> _Exercise directions_:
When you copy the records, keep every word exact and leave the pictures out.

> _Raw data_:
————

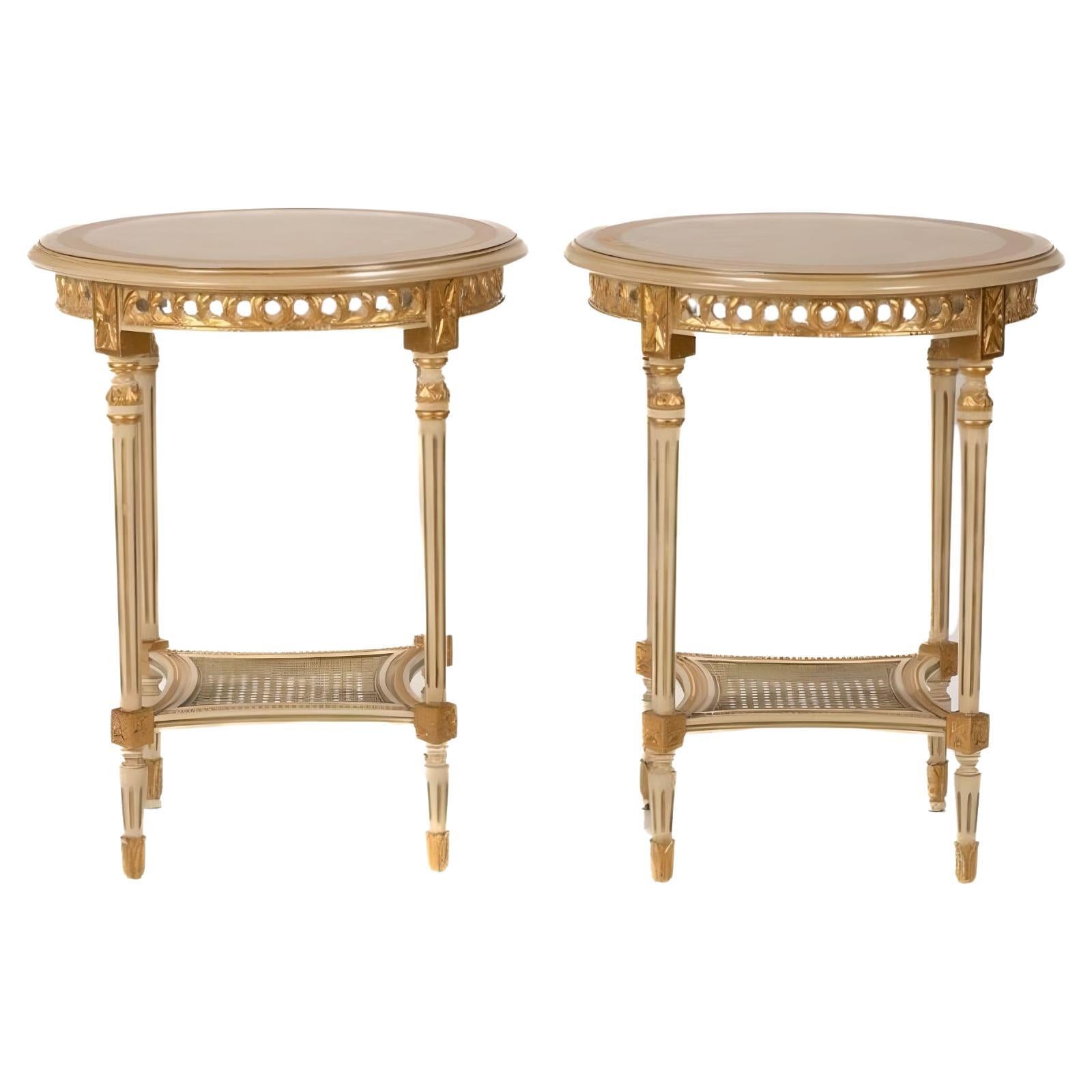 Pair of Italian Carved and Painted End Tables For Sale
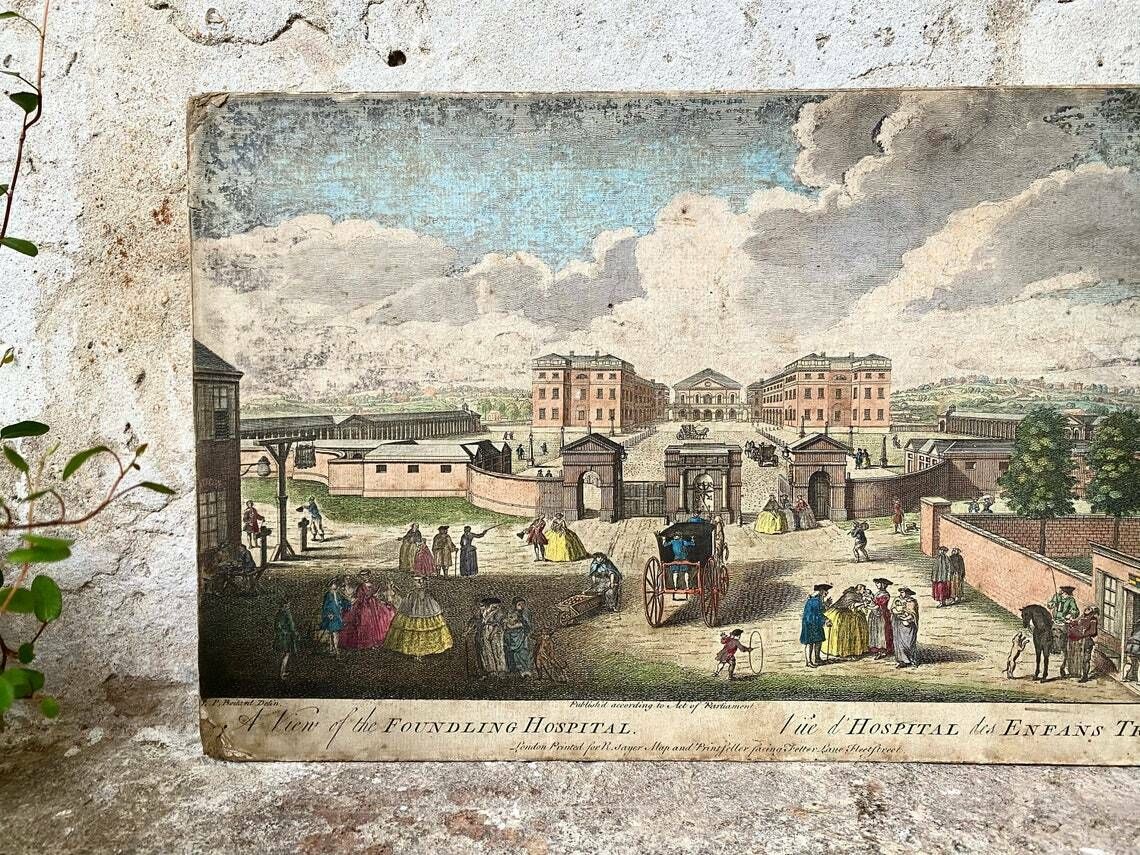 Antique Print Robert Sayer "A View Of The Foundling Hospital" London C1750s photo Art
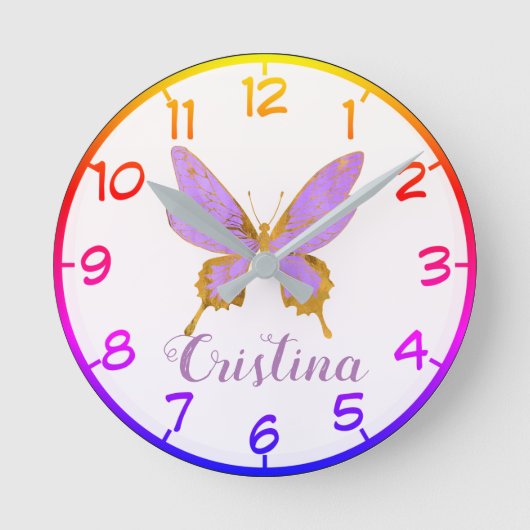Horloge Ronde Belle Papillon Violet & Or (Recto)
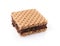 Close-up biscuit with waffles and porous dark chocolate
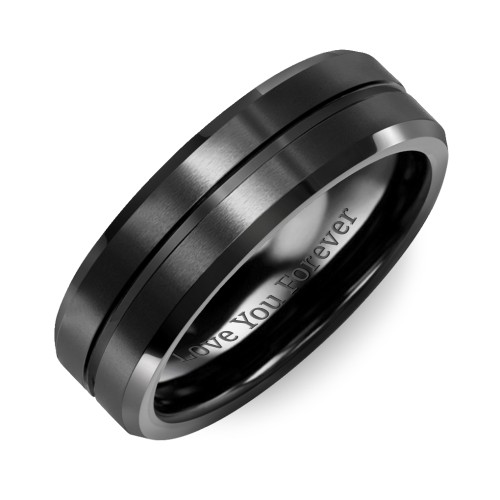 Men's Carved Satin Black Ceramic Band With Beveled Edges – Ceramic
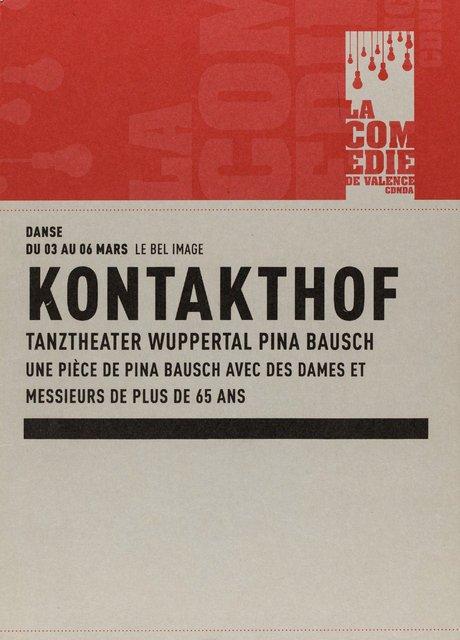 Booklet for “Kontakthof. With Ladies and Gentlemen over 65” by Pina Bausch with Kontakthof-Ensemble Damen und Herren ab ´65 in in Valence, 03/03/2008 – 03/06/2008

————

> _Task solution_:
 Pair of Italian Carved and Painted End Tables For Sale
 Antique Print Robert Sayer "A View Of The Foundling Hospital" London C1750s photo Art
Horloge Ronde Belle Papillon Violet & Or (Recto)
 Close-up biscuit with waffles and porous dark chocolate
 Men's Carved Satin Black Ceramic Band With Beveled Edges – Ceramic
 Booklet for “Kontakthof. With Ladies and Gentlemen over 65” by Pina Bausch with Kontakthof-Ensemble Damen und Herren ab ´65 in in Valence, 03/03/2008 – 03/06/2008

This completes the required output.